Introduction: Chemotherapy is the primary therapeutic choice for advanced gastric cancer. Different types of medicine combinations are can be used for chemotherapy treatment, but oxaliplatin is one of the more common ones, used to treat metastasized cancer. But recently, cisplatin has shown similar outcome, while costing less for the patients and the hospital. The goal of this study was to assess the effectiveness of cisplatin-capecitabine versus oxaliplatin-capecitabine in treating advanced gastric cancer by measuring disease response and toxicity levels. Methods: This Quasi-Experimental study was conducted at the Department of Oncology, Bangabandhu Sheikh Mujib Medical University, Dhaka, Bangladesh. The study duration was 1 year, from February 2021 to March 2022. During this period, a total of 64 cases of advanced gastric cancer were divided in two equal groups, Arm A who had received cisplatin capecitabine, and Arm B who received oxaliplatin capecitabine. Result: In Arm A, 18 (56.3%) patients exhibited partial response (PR), whereas 15 (46.9%) patients in Arm B showed PR. Stable diseases (SD) were also reported in both arms (18.8% in arm A and 21.9% in arm B). There were 8 (25.0%) cases of progressive disease (PD) in Arm A and 10 (31.3%) cases in Arm B. The most prevalent toxicities in both arms were vomiting, diarrhea, anemia, neutropenia, oral mucositis, paresthesia, hand-foot syndrome, and renal toxicity. There were no statistically significant variations in outcomes between the two arms (p-value > 0.05).
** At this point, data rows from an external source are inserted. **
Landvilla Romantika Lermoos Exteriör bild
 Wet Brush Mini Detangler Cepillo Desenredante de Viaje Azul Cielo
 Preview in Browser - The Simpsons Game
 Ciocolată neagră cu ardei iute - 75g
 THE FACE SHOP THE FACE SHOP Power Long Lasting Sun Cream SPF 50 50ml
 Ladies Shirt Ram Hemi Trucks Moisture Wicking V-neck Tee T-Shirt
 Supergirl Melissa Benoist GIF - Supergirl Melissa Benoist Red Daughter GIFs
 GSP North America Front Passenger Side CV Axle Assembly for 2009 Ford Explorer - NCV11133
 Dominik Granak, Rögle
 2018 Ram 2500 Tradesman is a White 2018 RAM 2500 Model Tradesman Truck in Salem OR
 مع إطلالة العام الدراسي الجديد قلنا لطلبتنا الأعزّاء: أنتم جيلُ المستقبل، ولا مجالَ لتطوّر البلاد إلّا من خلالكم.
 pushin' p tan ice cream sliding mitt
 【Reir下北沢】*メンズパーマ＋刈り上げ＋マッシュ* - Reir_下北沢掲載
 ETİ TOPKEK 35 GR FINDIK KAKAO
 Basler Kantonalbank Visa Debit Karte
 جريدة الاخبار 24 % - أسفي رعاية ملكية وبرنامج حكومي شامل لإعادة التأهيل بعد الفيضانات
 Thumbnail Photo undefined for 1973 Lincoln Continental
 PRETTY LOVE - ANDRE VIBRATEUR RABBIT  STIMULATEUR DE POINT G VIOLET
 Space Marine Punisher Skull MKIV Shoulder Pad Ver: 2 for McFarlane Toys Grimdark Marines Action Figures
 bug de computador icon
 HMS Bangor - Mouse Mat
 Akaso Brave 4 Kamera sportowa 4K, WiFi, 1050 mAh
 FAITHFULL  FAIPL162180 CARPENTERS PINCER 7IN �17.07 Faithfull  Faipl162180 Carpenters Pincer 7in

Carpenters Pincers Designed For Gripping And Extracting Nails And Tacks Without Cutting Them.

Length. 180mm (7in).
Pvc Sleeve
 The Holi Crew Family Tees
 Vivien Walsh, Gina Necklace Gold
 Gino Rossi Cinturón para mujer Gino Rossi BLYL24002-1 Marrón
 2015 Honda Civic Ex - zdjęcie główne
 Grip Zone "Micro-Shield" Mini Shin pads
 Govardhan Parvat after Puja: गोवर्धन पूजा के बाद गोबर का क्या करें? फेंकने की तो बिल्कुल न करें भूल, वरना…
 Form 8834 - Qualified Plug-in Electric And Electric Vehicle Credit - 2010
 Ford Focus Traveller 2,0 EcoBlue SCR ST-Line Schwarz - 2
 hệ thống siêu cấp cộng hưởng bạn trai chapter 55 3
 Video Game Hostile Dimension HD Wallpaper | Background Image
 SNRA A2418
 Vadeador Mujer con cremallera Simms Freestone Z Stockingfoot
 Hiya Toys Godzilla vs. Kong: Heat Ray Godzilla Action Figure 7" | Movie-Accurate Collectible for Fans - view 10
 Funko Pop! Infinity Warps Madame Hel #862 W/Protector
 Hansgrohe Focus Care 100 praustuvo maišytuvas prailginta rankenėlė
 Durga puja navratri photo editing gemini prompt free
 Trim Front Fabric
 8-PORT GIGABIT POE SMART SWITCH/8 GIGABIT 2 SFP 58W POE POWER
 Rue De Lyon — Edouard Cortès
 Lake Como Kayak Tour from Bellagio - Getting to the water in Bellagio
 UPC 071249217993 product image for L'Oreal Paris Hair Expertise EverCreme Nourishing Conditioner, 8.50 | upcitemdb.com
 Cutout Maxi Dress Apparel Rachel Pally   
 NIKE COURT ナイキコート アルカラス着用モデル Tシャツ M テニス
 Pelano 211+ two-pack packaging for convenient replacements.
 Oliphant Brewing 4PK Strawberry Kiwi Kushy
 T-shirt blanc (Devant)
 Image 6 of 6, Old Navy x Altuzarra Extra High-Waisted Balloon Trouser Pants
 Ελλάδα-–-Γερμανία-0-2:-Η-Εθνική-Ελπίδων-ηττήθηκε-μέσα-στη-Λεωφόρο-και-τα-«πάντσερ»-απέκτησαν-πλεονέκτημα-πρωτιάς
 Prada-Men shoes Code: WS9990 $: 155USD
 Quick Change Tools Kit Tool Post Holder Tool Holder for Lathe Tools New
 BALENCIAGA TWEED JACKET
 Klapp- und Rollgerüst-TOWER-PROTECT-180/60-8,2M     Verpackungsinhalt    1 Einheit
Conclusion: In advanced gastric cancer, the Cisplatin-Capecitabine regimen is equally effective as Oxaliplatin-Capecitabine, and there was no significant difference between the presenting toxic effects. As the Cisplatin-Capecitabine regimen is less costly than the combination of Oxaliplatin-Capecitabine, and shows similar outcomes in terms of response and toxicity, it is a valid alternative choice of medicine for patients who are unable to afford an .........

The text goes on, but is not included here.